[Article initialement publié dans
Aujourd'hui au Faso - Ouagadougou]
Pourquoi, sur les collines de Bisesero, le groupe de Tutsis qui appelait à l’aide a attendu trois jours avant d’être secouru par des militaires français qui ne se trouvaient pas loin ? [En juin 1994, les soldats de l’opération Turquoise, présents sur place, ont attendu avant d’intervenir, laissant les massacres se perpétuer. Leur attitude à Bisesero constitue l’une des accusations majeures contre la France durant le génocide des Tutsis.] Pourquoi n’évoque-t-on pas la présence des mercenaires Bob Denard et Paul Barril dans la zone des massacres ?… C’est avec une plume trempée dans le vitriol de la responsabilité française que s’est écrit le rapport de ces 14 historiens conduits par Vincent Duclert.
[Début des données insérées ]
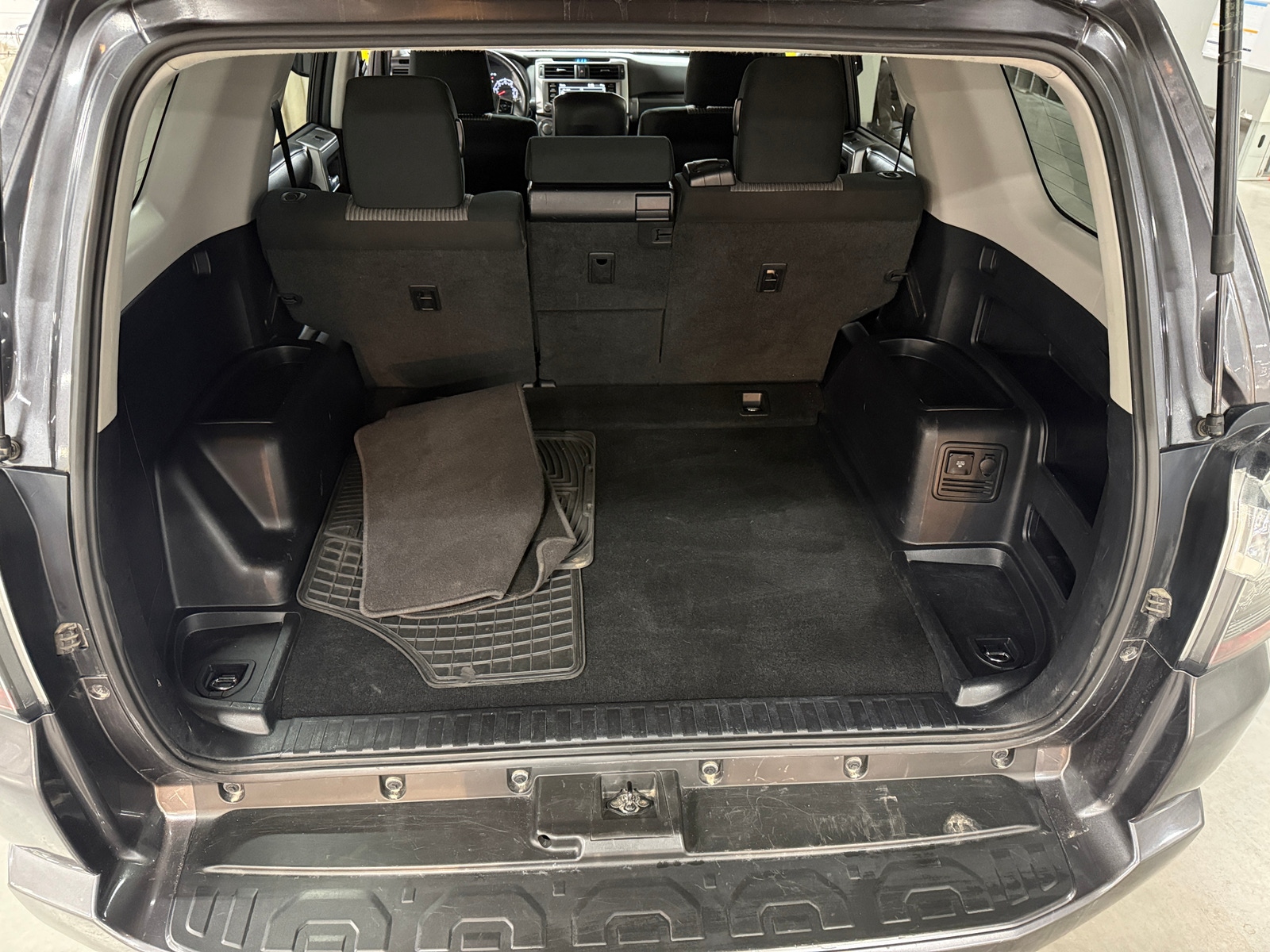 Thumbnail: 2022 Toyota 4Runner - 7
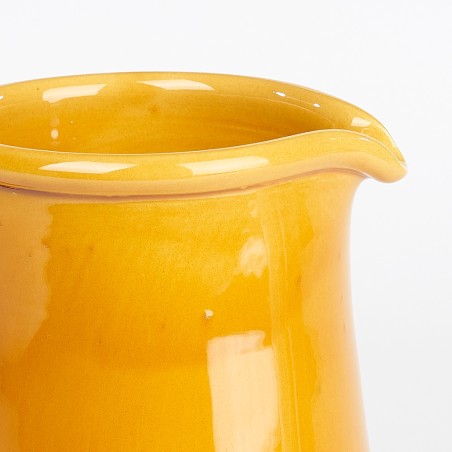 Détail Pichet droit jaune - Poterie Massucco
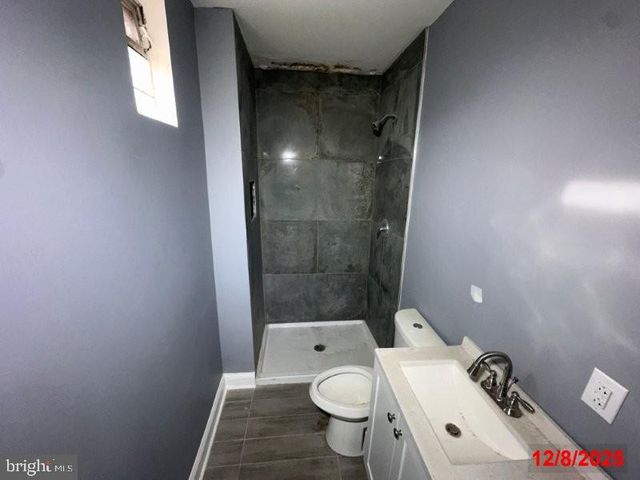 2420 N 33RD ST, Philadelphia, PA 19132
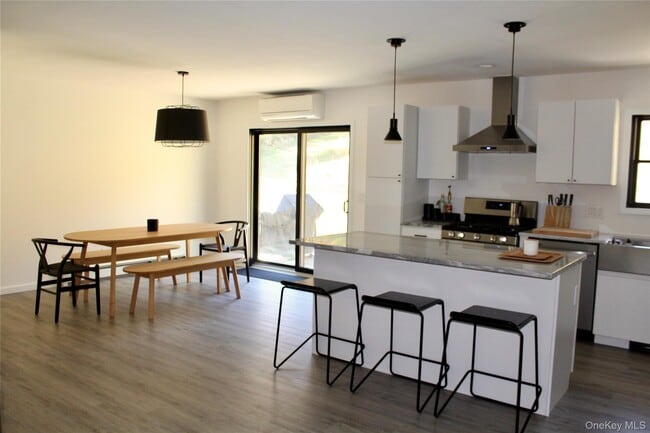 Building Photo - 3 Spruce Hl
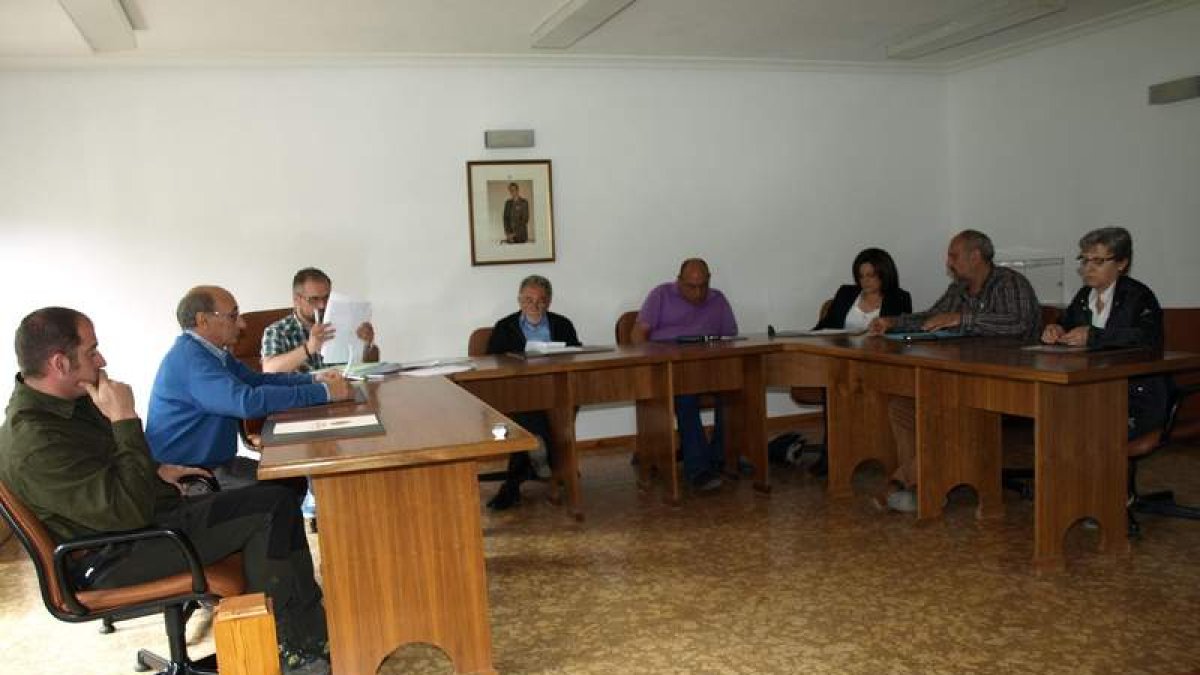 Sesión plenaria del Ayuntamiento de  Crémenes. CAMPOS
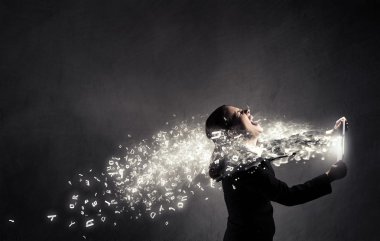 Tablet pc ile bir kadın. Karışık teknik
Un vrai brûlot de 1 200 pages qui cite la France dans l’abjection survenue au Rwanda en 1994. Commandité par Emmanuel Macron, qui l’a réceptionné ce 26 mars 2021, c’est un document “explosif” qui n’est pas sans rappeler le livre à charge de Pierre Péan,
Noires fureurs, blancs menteurs, et qui conclut à la “faillite de la France au Rwanda” entre 1990 et 1994.
La “dette” française
“Responsabilité et non complicité”, telle est la précision de taille que mentionne également ce document fouillé et circonstancié. C’est un draft qui vient rappeler crûment que, vingt-sept ans après le génocide rwandais, rien n’est réglé entre les deux pays, dont les relations évoluent en dents de scie, même si avec Macron l’épaisse atmosphère polaire s’est un peu dissipée. Néanmoins, le génocide rwandais gagnerait à être exorcisé une bonne fois pour toutes diplomatiquement et politiquement. Par des actes forts, tels qu’une demande de pardon pour cette responsabilité au “pays des mille collines”.
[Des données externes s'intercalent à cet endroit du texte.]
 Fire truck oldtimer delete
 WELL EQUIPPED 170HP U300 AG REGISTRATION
Et dans cette optique, Macron est dans une bonne dynamique, lui qui multiplie les commandes de rapports d’historiens et les sorties qui s’approchent au peu plus de l’acte de contrition. Rapport mémoriel Stora sur l’Algérie, à la suite duquel Alger réclame elle aussi la “reconnaissance des crimes coloniaux”, [reconnaissance de la] responsabilité de la France dans l’assassinat de l’avocat Ali Boumendjel en 1957…
Avant-hier l’Algérie, hier la Libye, où la France reconnaît une “dette” pour le “désordre” causé par elle, aujourd’hui le Rwanda. Et si Jupiter avait l’intention de franchir le Rubicon ? C’est-à-dire de demander pardon ?
Séisme diplomatique
Ce serait certes un séisme diplomatique que ne dédaignerait pas apprécier à sa juste valeur son homologue d’Urugwiro Village, [le président rwandais] Paul Kagame. Cette guerre mémorielle et politique doit être soldée un jour par un armistice, qui passe par cette réconciliation entre la France et le Rwanda.
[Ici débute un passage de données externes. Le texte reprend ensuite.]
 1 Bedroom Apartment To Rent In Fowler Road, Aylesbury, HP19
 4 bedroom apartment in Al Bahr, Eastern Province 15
Cela passera nécessairement par ce pardon qui libère, qui n’est point un aveu de faiblesse, mais grandit, apaise de part et d’autre, surtout si au fil des rapports, enquêtes, procès, la responsabilité de la France est reconnue. Qu’elle ne soit pas coupable ou complice n’empêche pas de battre sa coulpe pour tourner cette page douloureuse, qui empoisonne ses relations avec le Rwanda depuis plus de vingt-cinq ans.